Punta Arenas has very good wharves and warehouses, substantial bank buildings, some private residences that look like Swiss chalets, and a somewhat pretentious plaza in which on this day the fountain has become a beautiful ice crystal. The town also has sailors’ bar-rooms. There is a new church, and a few vacant lots are left in the business section. A troop of urchins come chattering from school, leap into the snow-drift, and pelt the passers-by, the universal privilege of boyhood. Though it is Winter the women are bareheaded, or most of them are, and the black alpaca shawls thrown carelessly over their shoulders do not indicate that the cold is penetrating. The men wear vicuña robes like blankets, or many of them have the skins made up into overcoats. The steamer has brought the fortnightly mail, and every one gathers at the post-office waiting for letters. The talk is of new sheep companies and gold washings in Tierra del Fuego.

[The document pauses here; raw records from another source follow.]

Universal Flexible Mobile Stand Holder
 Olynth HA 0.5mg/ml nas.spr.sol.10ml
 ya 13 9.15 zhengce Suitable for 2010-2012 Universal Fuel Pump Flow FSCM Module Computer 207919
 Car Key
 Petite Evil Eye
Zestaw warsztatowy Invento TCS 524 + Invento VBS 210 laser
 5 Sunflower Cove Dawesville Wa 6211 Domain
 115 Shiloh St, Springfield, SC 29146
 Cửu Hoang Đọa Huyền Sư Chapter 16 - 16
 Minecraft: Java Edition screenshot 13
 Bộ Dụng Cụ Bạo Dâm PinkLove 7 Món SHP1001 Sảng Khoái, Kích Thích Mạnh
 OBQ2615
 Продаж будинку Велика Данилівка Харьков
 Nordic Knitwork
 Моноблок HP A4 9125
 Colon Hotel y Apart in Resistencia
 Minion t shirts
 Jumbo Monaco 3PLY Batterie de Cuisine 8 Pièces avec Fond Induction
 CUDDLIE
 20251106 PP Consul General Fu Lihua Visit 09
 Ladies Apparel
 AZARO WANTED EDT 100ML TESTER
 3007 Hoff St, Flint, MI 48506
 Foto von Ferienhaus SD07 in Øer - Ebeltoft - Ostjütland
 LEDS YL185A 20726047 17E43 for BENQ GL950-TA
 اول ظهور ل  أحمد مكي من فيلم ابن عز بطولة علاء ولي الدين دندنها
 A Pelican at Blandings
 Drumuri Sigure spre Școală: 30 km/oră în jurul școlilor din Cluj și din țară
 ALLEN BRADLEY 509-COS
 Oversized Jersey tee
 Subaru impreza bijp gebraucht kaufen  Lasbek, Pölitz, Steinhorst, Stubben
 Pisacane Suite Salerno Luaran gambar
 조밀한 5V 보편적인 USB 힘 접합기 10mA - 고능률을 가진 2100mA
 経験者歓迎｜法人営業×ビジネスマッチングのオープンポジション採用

Punta Arenas has no custom house. It is a free port,—a very wise policy considering that its trade is of an international character, selling to the passing ships and buying from them only such articles as are needed for local consumption. The commercial movement reaches $2,250,000 per year, the exports exceeding the imports by $250,000. The export commerce is of wool, hides, tallow, ostrich feathers, foxskins, guanaco and vicuña rugs. The imports are alcohol for the Patagonian Indians, cereals, and general merchandise. The best fur store is kept by a Russian woman. The town is the seat of the territorial government of Magellans, and is the official residence of the Governor. There is also an army barracks and a weather bureau office. It is a station of the Chilean navy, which has rendered much service to navigation in the hydrographic work of the Straits. Punta Arenas has its daily newspaper, filled with shipping intelligence and containing cable news which is transmitted by land wire from Buenos Ayres. Wireless telegraphy finds it a convenient station.

Punta Arenas thinks it has a cloud on its future. This is the Panama Canal. It now is an important coaling-station, the coal being brought both from Australia and from Newcastle, and it has a good business in supplying passing vessels. Some of this trade will be lost when the Hamburg and the New York ships which follow this route to San Francisco are able to take the shorter course through the waterway. But by that time the improvements which the Chilean government is making in the navigation of the Straits, and the natural development of trade in the far southern regions will have more than compensated for the diminution from the diversion of the through ocean traffic to other channels. As the centre of the sheep industry of Tierra del Fuego and of the Chilean mainland, the southernmost town has a stable future.